I am glad I got to share with you a small snippet from this gem of a book. I would keep typing but know you will enjoy these lemon crepes with blackberries and peaches more than my writing. I encourage you to pick up a copy of this book immediately here and then go enjoy these delicious lemon crepes.
Lemon Crêpes with Blackberries and Peaches
- 2/3 cup tapioca starch
- 1/3 cup coconut flour
- 1/4 teaspoon baking soda
- 1/2 teaspoon sea salt
- 2 eggs
- 1½ cups canned, full-fat coconut milk
- 1 teaspoon vanilla extract
- Grated zest of 1 lemon
- 1 tablespoon melted coconut oil, plus more for the pan
- Up to 1/2 cup water
- 1 cup blackberries
- 2 peaches, white or yellow, sliced
- 1 tablespoon minced fresh mint leaves, for garnish (optional)
- In a large bowl, whisk together the tapioca starch, coconut flour, baking soda, and salt until blended.
- In a separate bowl, whisk together the eggs, coconut milk, vanilla, lemon zest, and coconut oil.
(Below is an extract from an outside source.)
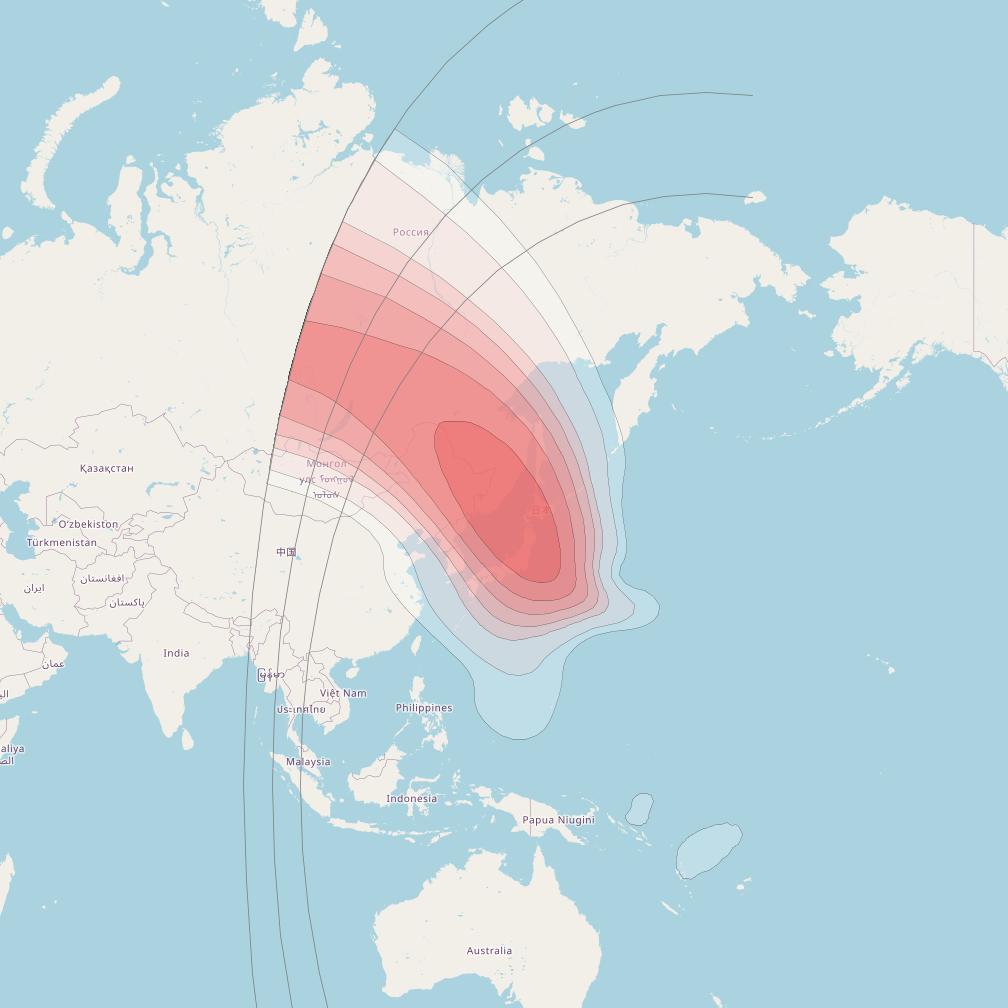 Eutelsat 172B at 172° E downlink Ku-band HTS05 User beam coverage map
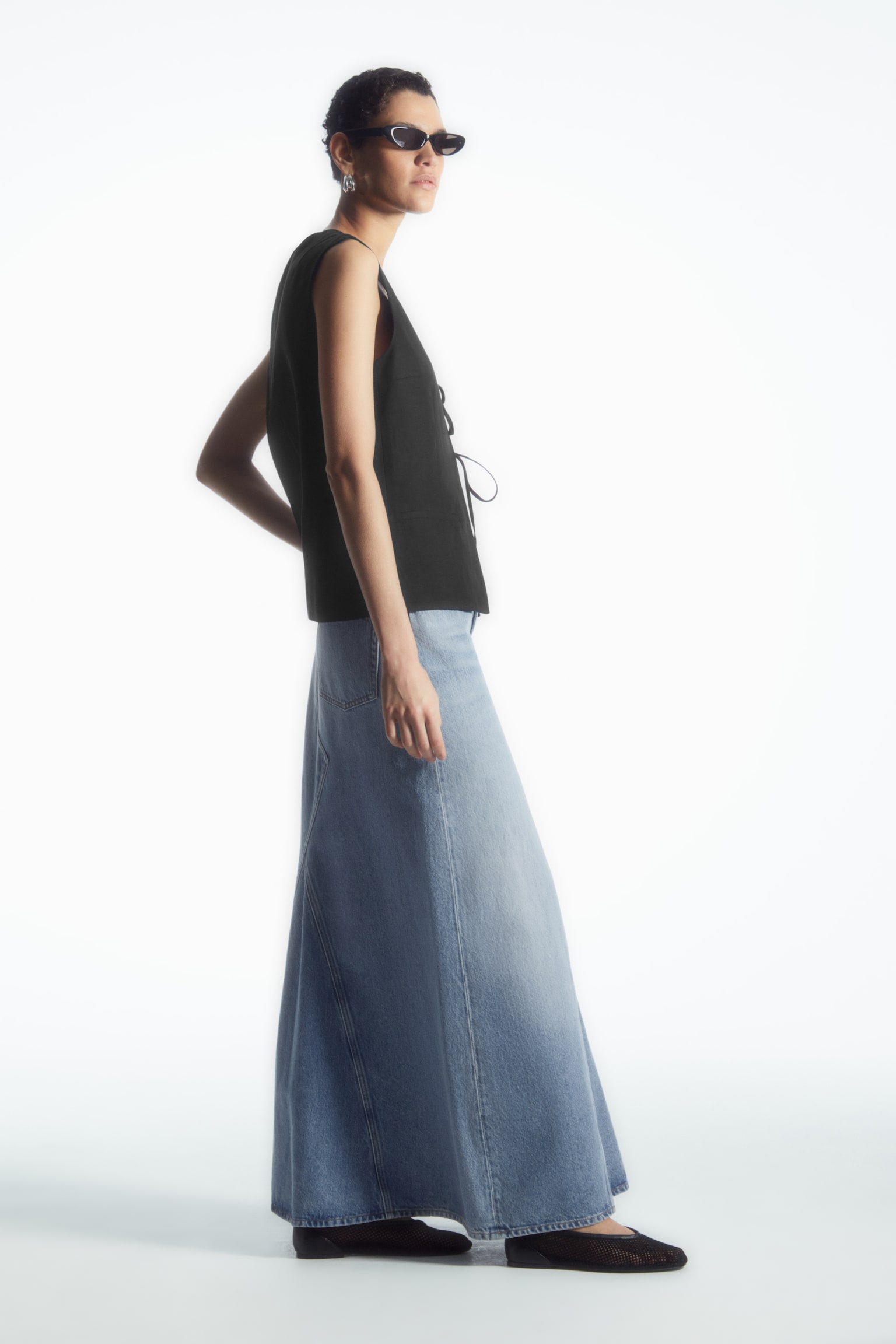 PANELLED DENIM MAXI SKIRT - BLUE/OFF-WHITE - 6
- Pour the wet ingredients into the dry ingredients and mix until thoroughly combined.
- Check the consistency of the mixture—it should be like a very thin pancake batter. Add up to 1/2 cup water if needed.
- Warm a skillet over medium heat.
- Melt a tablespoon of coconut oil in the pan, then, using a large spoon, pour in about 1/4 cup of the batter.
- Flip the crêpe after about 3 minutes, when the bottom is very lightly browned, and continue to cook for another 1 to 2 minutes.
- Transfer the finished crêpes to a warm plate and cover with a towel until ready to serve.
- Repeat with the rest of the batter, adding more coconut oil to the skillet if it becomes dry.
- To serve, place 2 or 3 crêpes on each plate and top with fresh blackberries and peach slices. Garnish with fresh mint, if desired.
If you don’t have blackberries and white peaches on hand, try these with blueberries, strawberries, or your favorite seasonal fruit.